[Work to be completed] Here is a listing, set out below; repeat its lines from the one with "All you need" to the last, both included, and leave out the pictures.

*** Opening Data shown ***

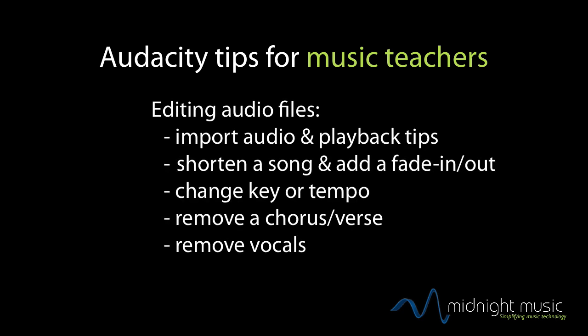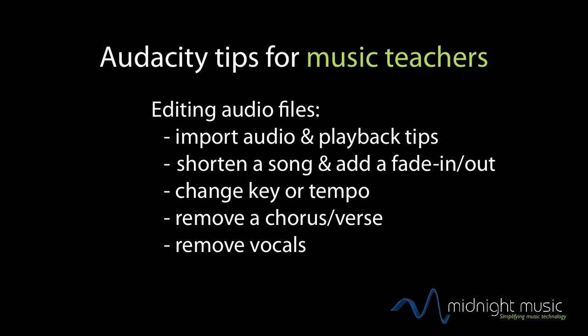In the five-part video series we'll look at how to edit existing audio files including how to shorten a song, how to create a fade in or fade out, how to change the key or tempo of a song, how to remove a chorus or verse, and how to remove vocals.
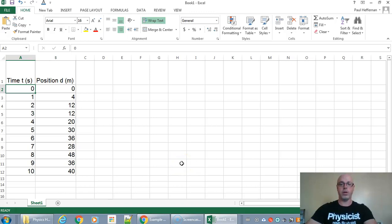Hi, Mr. Hapron here and here's a quick video on how to make graphs in Microsoft Excel or Google Sheets.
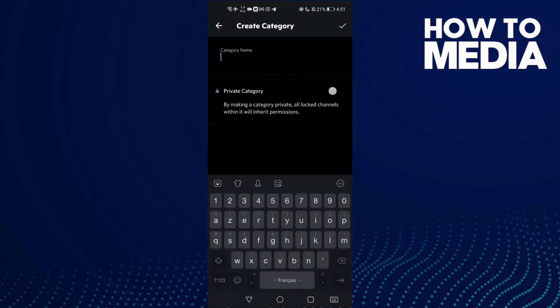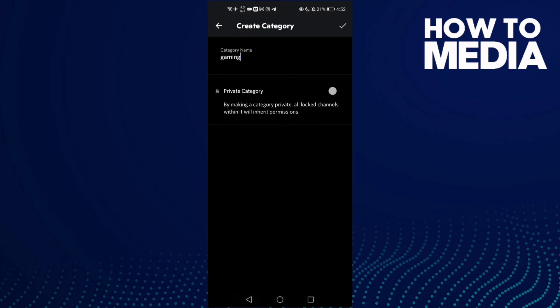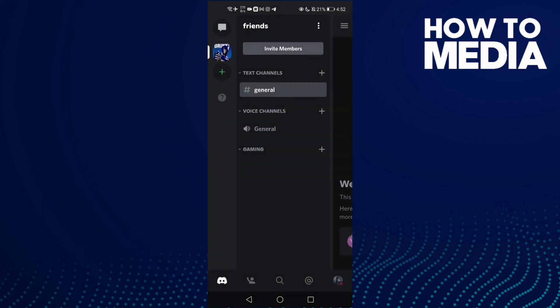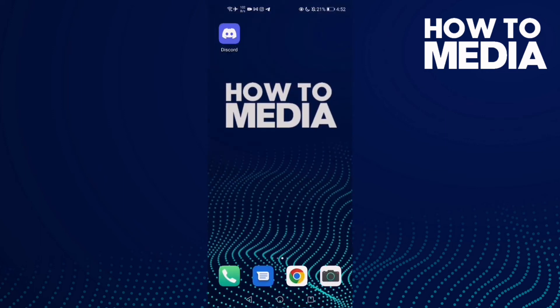All you need to do is just type the name you want, and then click here. As you can see, the category has been created. And that's today's video.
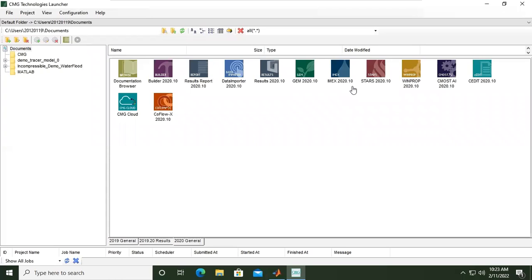Hello everyone, now we will learn how to create a simple reservoir model and perform simple reservoir simulation using CMG software. It is a very interesting and important software, so hopefully we can create the simple reservoir model and perform simple reservoir simulation using this software.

*** Closing Data shown ***

[Result for this task]
All you need to do is just type the name you want, and then click here. As you can see, the category has been created. And that's today's video.
Hello everyone, now we will learn how to create a simple reservoir model and perform simple reservoir simulation using CMG software. It is a very interesting and important software, so hopefully we can create the simple reservoir model and perform simple reservoir simulation using this software.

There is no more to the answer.